The Psalmist reflects on the textures of creation as the realm in which praise might be present. The subtle to the not so subtle can embrace praise and give rise to praise. Any thing can be the locus for praise: a drop of wasp venom, a grain of sand, a whirling electron, a quite moment, a rivulet of water coursing down a 100 year old window pane that is thicker at the bottom than at the top due to the steady pull of gravity, a human hand holding 10,000 grains of sand, a child’s laughter, or an old person’s resolve. The things and the movement of things can be sites of praise for God has made all that moves, all that doesn’t move, all that breathes, all that whirls in solar systems, galaxies, and atoms across spans wider and smaller than the human eye, computer, or imagination can go. There is something greater in the psalmist’s words that cannot be easily touched. It can be spoken about. It can be written about. New songs of praise may be created in response to it. Yet, all are derivative. All are echoes or reverberations with a ubiquitous praise that already resounds in gravitational waves and permeates dark matter. It bounds over soaring peaks and falls with winter snow.

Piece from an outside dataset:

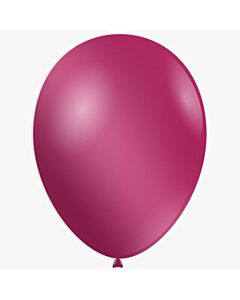 Μπαλόνια 13 ιντσών περλέ φούξια 15 τεμάχια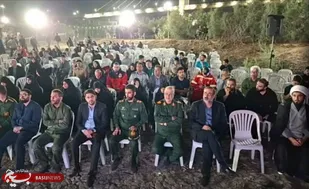 نمایشگاه بزرگ آبی و خاکی بسیجیان فاطمی در اهواز گشایش یافت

Perhaps what the Psalmist is after here is a wake up call to human perception. That which can be perceived by human senses is only a fraction of what is presently occurring at any given moment. The sound of radio waves and microwaves coursing through the air and through our bodies cannot be easily discerned yet it is there. The sound a dog can hear exceeds human hearing. The sight of an eagle which can spot minute details over a mile away is evident, but not perceived because the human eye cannot see the same sights. Human senses are themselves sites for praise. Not just praise for their existence, but to the worlds of existence they can open to human minds. Even more the axon-dendrite trails of thought that fire in different regions of the brain can be loci for praise. As you read these words the trails of electrical impulses course though your brain like an electrical storm on a hot summer night.

As verses 5-6 can serve as a boulder in a flood of praise, verses 13-14 can serve as focus for all praise. The God who was, is, and will always be is a creating God whose very being or splendor is beyond human capacities to understand and yet can be recognized in part because people have been created by this very same God. This psalm places the faithful ones close to the heart of God. Perhaps this is a reminder to the people of Israel to not loose sight of their special place in the order of the universes that God has and is continuing to create. Humility can rest at the place where pride may want to reside when one sees their place in the bigger scheme of God’s creation and the rivers of praise that rumble and turn, slide and bubble, and seep deep into human consciousness.